Stored items
= = =
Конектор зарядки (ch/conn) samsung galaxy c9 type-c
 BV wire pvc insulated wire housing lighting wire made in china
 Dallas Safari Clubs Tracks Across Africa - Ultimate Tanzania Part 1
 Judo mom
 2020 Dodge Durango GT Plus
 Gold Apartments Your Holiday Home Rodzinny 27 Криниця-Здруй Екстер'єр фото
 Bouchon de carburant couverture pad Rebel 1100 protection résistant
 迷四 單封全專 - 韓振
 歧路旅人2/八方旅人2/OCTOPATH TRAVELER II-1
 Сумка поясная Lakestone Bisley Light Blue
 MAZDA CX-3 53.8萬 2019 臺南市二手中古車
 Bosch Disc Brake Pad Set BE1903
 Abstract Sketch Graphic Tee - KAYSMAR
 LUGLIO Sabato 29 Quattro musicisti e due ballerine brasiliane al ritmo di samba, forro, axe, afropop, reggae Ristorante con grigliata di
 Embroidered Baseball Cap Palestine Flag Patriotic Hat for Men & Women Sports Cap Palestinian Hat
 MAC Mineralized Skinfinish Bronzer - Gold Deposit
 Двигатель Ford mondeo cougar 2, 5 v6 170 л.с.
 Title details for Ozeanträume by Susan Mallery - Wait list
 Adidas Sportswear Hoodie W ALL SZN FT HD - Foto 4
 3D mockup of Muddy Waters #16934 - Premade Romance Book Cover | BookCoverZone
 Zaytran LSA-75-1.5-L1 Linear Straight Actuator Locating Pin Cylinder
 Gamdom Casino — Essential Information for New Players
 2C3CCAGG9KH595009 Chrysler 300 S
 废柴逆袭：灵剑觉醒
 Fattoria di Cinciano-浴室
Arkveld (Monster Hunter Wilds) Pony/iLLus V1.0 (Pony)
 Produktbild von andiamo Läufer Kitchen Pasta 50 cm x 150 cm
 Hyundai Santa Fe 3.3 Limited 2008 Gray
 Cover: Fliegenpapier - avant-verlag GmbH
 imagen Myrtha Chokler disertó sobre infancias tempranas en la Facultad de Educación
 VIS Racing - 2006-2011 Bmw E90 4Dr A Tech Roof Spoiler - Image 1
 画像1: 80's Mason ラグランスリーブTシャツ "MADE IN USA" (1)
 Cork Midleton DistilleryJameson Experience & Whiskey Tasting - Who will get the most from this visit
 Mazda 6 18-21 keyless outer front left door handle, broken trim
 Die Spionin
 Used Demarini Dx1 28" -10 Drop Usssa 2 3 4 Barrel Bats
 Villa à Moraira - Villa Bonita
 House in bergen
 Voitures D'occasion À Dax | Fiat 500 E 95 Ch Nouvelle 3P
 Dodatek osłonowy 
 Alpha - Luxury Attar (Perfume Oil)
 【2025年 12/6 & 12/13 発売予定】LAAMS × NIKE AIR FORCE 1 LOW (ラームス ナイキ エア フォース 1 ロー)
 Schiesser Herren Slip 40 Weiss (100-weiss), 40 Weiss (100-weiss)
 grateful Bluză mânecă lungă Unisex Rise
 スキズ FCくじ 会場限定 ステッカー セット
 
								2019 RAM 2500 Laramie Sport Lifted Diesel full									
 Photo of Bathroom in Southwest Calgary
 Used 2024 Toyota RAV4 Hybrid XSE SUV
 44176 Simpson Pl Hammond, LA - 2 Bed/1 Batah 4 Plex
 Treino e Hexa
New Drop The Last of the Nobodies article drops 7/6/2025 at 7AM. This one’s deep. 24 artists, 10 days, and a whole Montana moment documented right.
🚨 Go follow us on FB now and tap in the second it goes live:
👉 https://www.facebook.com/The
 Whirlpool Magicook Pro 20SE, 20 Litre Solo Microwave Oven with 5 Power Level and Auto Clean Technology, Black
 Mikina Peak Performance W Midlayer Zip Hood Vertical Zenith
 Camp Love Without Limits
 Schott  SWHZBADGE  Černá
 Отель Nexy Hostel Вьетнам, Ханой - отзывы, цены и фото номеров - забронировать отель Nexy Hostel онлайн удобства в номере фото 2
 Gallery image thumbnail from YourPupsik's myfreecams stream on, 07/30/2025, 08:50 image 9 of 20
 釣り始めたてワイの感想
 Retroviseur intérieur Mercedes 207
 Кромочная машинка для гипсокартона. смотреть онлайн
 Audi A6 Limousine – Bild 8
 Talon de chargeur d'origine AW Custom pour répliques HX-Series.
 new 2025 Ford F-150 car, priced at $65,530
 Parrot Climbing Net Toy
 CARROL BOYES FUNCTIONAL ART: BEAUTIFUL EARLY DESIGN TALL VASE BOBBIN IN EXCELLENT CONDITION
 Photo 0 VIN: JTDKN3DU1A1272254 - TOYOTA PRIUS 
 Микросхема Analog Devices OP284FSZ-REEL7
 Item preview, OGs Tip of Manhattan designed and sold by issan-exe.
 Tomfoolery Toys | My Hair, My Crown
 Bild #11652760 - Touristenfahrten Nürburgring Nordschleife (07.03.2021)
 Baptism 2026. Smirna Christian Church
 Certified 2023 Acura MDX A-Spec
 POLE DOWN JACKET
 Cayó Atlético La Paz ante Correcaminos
= = =
**PROBLEM REQUIREMENTS**
Word for word, write out every entry shown above.

**YOUR RESPONSE**
Конектор зарядки (ch/conn) samsung galaxy c9 type-c
 BV wire pvc insulated wire housing lighting wire made in china
 Dallas Safari Clubs Tracks Across Africa - Ultimate Tanzania Part 1
 Judo mom
 2020 Dodge Durango GT Plus
 Gold Apartments Your Holiday Home Rodzinny 27 Криниця-Здруй Екстер'єр фото
 Bouchon de carburant couverture pad Rebel 1100 protection résistant
 迷四 單封全專 - 韓振
 歧路旅人2/八方旅人2/OCTOPATH TRAVELER II-1
 Сумка поясная Lakestone Bisley Light Blue
 MAZDA CX-3 53.8萬 2019 臺南市二手中古車
 Bosch Disc Brake Pad Set BE1903
 Abstract Sketch Graphic Tee - KAYSMAR
 LUGLIO Sabato 29 Quattro musicisti e due ballerine brasiliane al ritmo di samba, forro, axe, afropop, reggae Ristorante con grigliata di
 Embroidered Baseball Cap Palestine Flag Patriotic Hat for Men & Women Sports Cap Palestinian Hat
 MAC Mineralized Skinfinish Bronzer - Gold Deposit
 Двигатель Ford mondeo cougar 2, 5 v6 170 л.с.
 Title details for Ozeanträume by Susan Mallery - Wait list
 Adidas Sportswear Hoodie W ALL SZN FT HD - Foto 4
 3D mockup of Muddy Waters #16934 - Premade Romance Book Cover | BookCoverZone
 Zaytran LSA-75-1.5-L1 Linear Straight Actuator Locating Pin Cylinder
 Gamdom Casino — Essential Information for New Players
 2C3CCAGG9KH595009 Chrysler 300 S
 废柴逆袭：灵剑觉醒
 Fattoria di Cinciano-浴室
Arkveld (Monster Hunter Wilds) Pony/iLLus V1.0 (Pony)
 Produktbild von andiamo Läufer Kitchen Pasta 50 cm x 150 cm
 Hyundai Santa Fe 3.3 Limited 2008 Gray
 Cover: Fliegenpapier - avant-verlag GmbH
 imagen Myrtha Chokler disertó sobre infancias tempranas en la Facultad de Educación
 VIS Racing - 2006-2011 Bmw E90 4Dr A Tech Roof Spoiler - Image 1
 画像1: 80's Mason ラグランスリーブTシャツ "MADE IN USA" (1)
 Cork Midleton DistilleryJameson Experience & Whiskey Tasting - Who will get the most from this visit
 Mazda 6 18-21 keyless outer front left door handle, broken trim
 Die Spionin
 Used Demarini Dx1 28" -10 Drop Usssa 2 3 4 Barrel Bats
 Villa à Moraira - Villa Bonita
 House in bergen
 Voitures D'occasion À Dax | Fiat 500 E 95 Ch Nouvelle 3P
 Dodatek osłonowy 
 Alpha - Luxury Attar (Perfume Oil)
 【2025年 12/6 & 12/13 発売予定】LAAMS × NIKE AIR FORCE 1 LOW (ラームス ナイキ エア フォース 1 ロー)
 Schiesser Herren Slip 40 Weiss (100-weiss), 40 Weiss (100-weiss)
 grateful Bluză mânecă lungă Unisex Rise
 スキズ FCくじ 会場限定 ステッカー セット
 
								2019 RAM 2500 Laramie Sport Lifted Diesel full									
 Photo of Bathroom in Southwest Calgary
 Used 2024 Toyota RAV4 Hybrid XSE SUV
 44176 Simpson Pl Hammond, LA - 2 Bed/1 Batah 4 Plex
 Treino e Hexa
New Drop The Last of the Nobodies article drops 7/6/2025 at 7AM. This one’s deep. 24 artists, 10 days, and a whole Montana moment documented right.
🚨 Go follow us on FB now and tap in the second it goes live:
👉 https://www.facebook.com/The
 Whirlpool Magicook Pro 20SE, 20 Litre Solo Microwave Oven with 5 Power Level and Auto Clean Technology, Black
 Mikina Peak Performance W Midlayer Zip Hood Vertical Zenith
 Camp Love Without Limits
 Schott  SWHZBADGE  Černá
 Отель Nexy Hostel Вьетнам, Ханой - отзывы, цены и фото номеров - забронировать отель Nexy Hostel онлайн удобства в номере фото 2
 Gallery image thumbnail from YourPupsik's myfreecams stream on, 07/30/2025, 08:50 image 9 of 20
 釣り始めたてワイの感想
 Retroviseur intérieur Mercedes 207
 Кромочная машинка для гипсокартона. смотреть онлайн
 Audi A6 Limousine – Bild 8
 Talon de chargeur d'origine AW Custom pour répliques HX-Series.
 new 2025 Ford F-150 car, priced at $65,530
 Parrot Climbing Net Toy
 CARROL BOYES FUNCTIONAL ART: BEAUTIFUL EARLY DESIGN TALL VASE BOBBIN IN EXCELLENT CONDITION
 Photo 0 VIN: JTDKN3DU1A1272254 - TOYOTA PRIUS 
 Микросхема Analog Devices OP284FSZ-REEL7
 Item preview, OGs Tip of Manhattan designed and sold by issan-exe.
 Tomfoolery Toys | My Hair, My Crown
 Bild #11652760 - Touristenfahrten Nürburgring Nordschleife (07.03.2021)
 Baptism 2026. Smirna Christian Church
 Certified 2023 Acura MDX A-Spec
 POLE DOWN JACKET
 Cayó Atlético La Paz ante Correcaminos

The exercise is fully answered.